第98話 味方か、罠か(現実、創作)

(現実)


 日曜日の朝、9時過ぎ。


「……黄金騎士団長、って名乗っているけど……どう思う?」


 俺は、突然届いたダイレクトメッセージを美香に見せた。


「……S社とかB専務とか……これって、完全にバレてることない?」


 彼女は、驚きと困惑の入り交じった表情を見せながらそう口にした。


「そうだよな……でも、作者が俺だとバレているかどうかは分からない」


「……あ、そっか。ツッチーが小説書いてるなんて、知ってる人ほとんどいないもんね。私と、優美ちゃんと……風見君は知らないんだよね?」


「ああ、少なくとも俺が話したことはないし、そもそも、あいつだったらこんなまどろっこしい事はしてこないな」


「そうね。『ツッチーさん、水くさいっすよ、秘密にしてるなんてー!』とか言ってきそうだもんね」


 悪戯っぽく風見の口調をまねる美香。


「ははっ、似てるな……あと、虹山さんも……知らないはずだな」


「それはどうかな……でも、虹山さんでもないと思うよ。何か協力してくれるなら、今までみたいに直接言ってくれると思うから。今更わざわざ素性を隠すようなことはしないと思う」


「そうだな……もちろん、優美でもないだろうし……」


「うん。ダンディーさんでもないね。そもそもアカウントが違うし」


「……なんでそこでダンディーさんが出てくるんだ?」


「えっ、何でって……なんとなく」


 美香が、ちょっと慌てた様子だったので気にはなったが、今はそれよりも黄金騎士団長の正体を突き止める方が先だ。

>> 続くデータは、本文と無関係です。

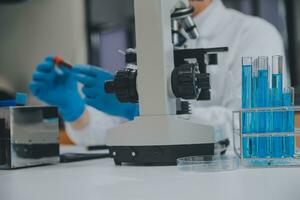 scienziato o medico nel laboratorio cappotto Lavorando nel biotecnologico laboratorio, microscopio attrezzatura per ricerca con miscelazione reagenti nel bicchiere borraccia nel clinico laboratorio. foto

「今まで、感想とかも一度ももらったことのないアカウントからの、いきなりのダイレクトメッセージだ。協力したいと言われても、すぐに信用する訳にもいかないな。何かの罠かもしれないし、あるいは、単なる愉快犯かもしれない」


「そうね……無視するっていう手もあるかもしれないけど、『現在の大きな問題も踏まえて』っていう一文が気になるね。ひょっとしたら、本当に協力してくれる気なのかも。備前専務のこと憎んでた人、いっぱいいたと思うし、会社が大変な状況なのも間違いないし」


「なるほど……この人が同じ会社の人で、パワハーラ・ザイゼンのモデルが備前専務だと気付いているのなら、現状なんとかしたいって思っててもおかしくないな……この作品の作者がシーマウントソフトウエアの社員だと気付いてはいるけど、誰か分からないから、自分も正体を隠して俺にメッセージを送ってきた……そういうことか。けど、俺の方から正体を明かすのはリスクが大きいな。あと、『黄金騎士団』って言ってるところも気になる」


「……どういうこと?」


「つまり、一人じゃないってことだよ」


「……ツッチーって、意外と細かいことに気付くんだね。小説家に向いてるかも!」


 美香が、大げさに驚くようにそう言った。


「こんなの、誰でも気付くよ。っていうか、気付くようにメッセージを送ってきているとしか思えない。つまり……試されてるんだ」


「……何を試されてるの?」


「多分だけど……俺が本当に、一度備前専務を打ち負かした張本人なのかどうかを、だよ」


「……すっごーい! ツッチー、推理小説家になれるよ!」


 美香が、今度は幾分、本当に驚きを含んだ表情で声を上げた。 


「このぐらいで推理小説家になれるとは思えないけど……黄金騎士団長、か……こいつ、パチンコ好きかも」


「えっ……ぱちんこ?」


「いや、何でもない……そもそもあのストーリーに、黄金騎士は一人しか登場しないけど……まあ、いいや。ちょっと試してみるかな」


 俺はそうつぶやいて、小説の続きを書き始めた。


**********


(創作) 


 サイトウ遊撃隊長から衝撃の事実を知らされた俺たちは、対策を練るべく、ミイケ副団長と共に一旦、城へと戻った。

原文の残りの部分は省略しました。